Treatment-related adverse events
Adverse event | Any grade | Grade 3–4 |
---|---|---|
Overall | 79 (66%) | 19 (16%) |
Fatigue | 36 (30%) | 4 (3%) |
Diarrhoea | 14 (12%) | 2 (2%) |
Pruritus | 13 (11%) | 1 (1%) |
Decreased appetite | 11 (9%) | 1 (1%) |
Hypothyroidism | 8 (7%) | 0 |
Anaemia | 6 (5%) | 1 (1%) |
Chills | 6 (5%) | 0 |
Nausea | 6 (5%) | 0 |
Pyrexia | 6 (5%) | 0 |
Rash | 6 (5%) | 1 (1%) |
Vomiting | 6 (5%) | 0 |
Rash, maculopapular | 5 (4%) | 0 |
Alanine aminotransferase increased | 5 (4%) | 4 (3%) |
Arthralgia | 5 (4%) | 0 |
Aspartate aminotransferase increased | 4 (3%) | 3 (3%) |
Blood alkaline phosphatase increased | 4 (3%) | 1 (1%) |
Blood bilirubin increased | 4 (3%) | 2 (2%) |
Dyspnoea | 4 (3%) | 0 |
Infusion-related reaction | 4 (3%) | 0 |
Lymphocyte count decreased | 4 (3%) | 0 |
Asthenia | 3 (3%) | 0 |
Back pain | 3 (3%) | 0 |
Dermatitis acneiform | 3 (3%) | 0 |
Dry mouth | 3 (3%) | 0 |
Headache | 3 (3%) | 0 |
Hypophosphataemia | 3 (3%) | 2 (2%) |
Hypotension | 3 (3%) | 1 (1%) |
Influenza-like illness | 3 (3%) | 0 |
Muscle spasms | 3 (3%) | 0 |
Thrombocytopenia | 3 (3%) | 0 |
Renal failure | 2 (2%) | 2 (2%) |
Autoimmune colitis | 1 (1%) | 1 (1%) |
Liver disorder | 1 (1%) | 1 (1%) |
Hypersensitivity | 1 (1%) | 1 (1%) |
Multiple organ dysfunction syndrome | 1 (1%) | 1 (1%) |
Portal vein thrombosis | 1 (1%) | 1 (1%) |
Overall, 41 patients (35%) had an adverse event leading to dose interruption, with no single adverse event predominating, and 9 patients (8%) had an event leading to treatment withdrawal. The majority of treatment discontinuations (77 of 102) and deaths (52 of 59) were due to progression. Immune-mediated all grade adverse events were reported in 14 patients (12%) and grade 3 or adverse events were reported in 8 patients (7%; supplementary table S7), most commonly rash (3% all grade [n=4]; 1% grade 3 or 4 [n=1]). No patients received systemic non-corticosteroid immunomodulatory agents (e.g., infliximab, tocilizumab) for immune-mediated events. 36 patients received corticosteroids.
Post-protocol therapies
Post-protocol therapy, defined as any therapy administered after progression on atezolizumab before study discontinuation, was reported for 25 patients (9 IC0, 12 IC1, 4 IC2/3) during follow-up.

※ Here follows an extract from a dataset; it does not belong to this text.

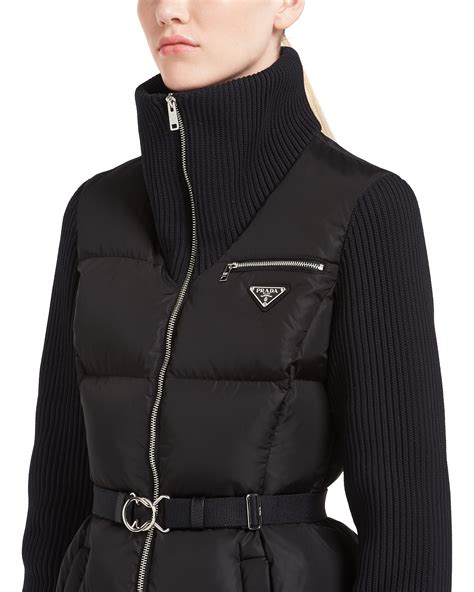 prada puffer jacket women& 39|prada nylon jacket women's.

The most common therapy was gemcitabine-carboplatin (14 of 25 patients); other regimens given are listed in supplementary table S8.
Discussion
In this single-arm, phase 2 study, atezolizumab is the first anti–PD-L1/PD-1 agent to demonstrate durable responses with a tolerable safety profile in untreated cisplatin-ineligible mUC. Objective responses occurred across all PD-L1 subgroups and identified prognostic subgroups, with high complete response rates relative to previous chemotherapy trials.9 With 17·2 months of median follow-up, median response duration had not been reached in all patients or in any of these subgroups. Albeit a single arm study, the observed median overall survival of 15·9 months is still noteworthy when compared with first-line gemcitabine-carboplatin (9·3 months)9 or cisplatin-based regimens in eligible patients (15·2 to 15·8 months).20,21 Larger, randomised studies will be valuable in supporting these phase 2 findings.

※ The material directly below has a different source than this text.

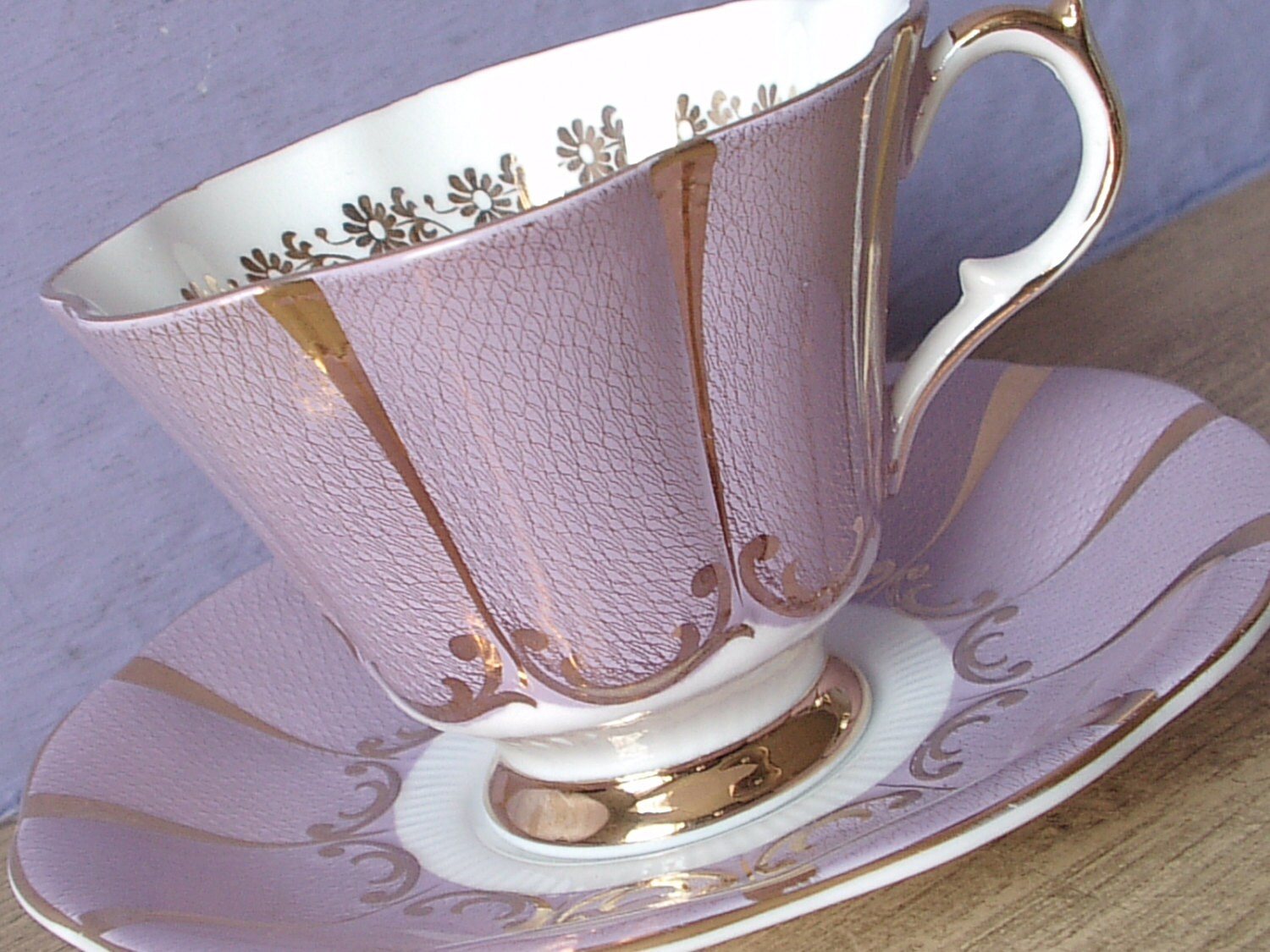 Antique Lavender Purple tea cup and saucer Queen by ShoponSherman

Atezolizumab was well tolerated. Most treatment-related adverse events were of maximum grade 1 or 2, and immune-mediated events were manageable with systemic corticosteroids alone. The safety profile was consistent with previous atezolizumab trials across a range of cancers12–16 and compared favourably with cytotoxic chemotherapy; whereas 21% treatment discontinuation and high rates of haematologic toxicity (e.g., neutropenia)9 were reported with gemcitabine-carboplatin, the most appropriate comparator in this population, only 8% of patients in this study discontinued treatment due to an adverse event, and no neutropenia was observed. Furthermore, no decline in median glomerular filtration rate was observed in this cohort (mostly patients with baseline renal impairment) through ≥27 treatment cycles (data not shown)—a finding pertinent to patients with reduced kidney function or a solitary kidney common with upper-tract disease.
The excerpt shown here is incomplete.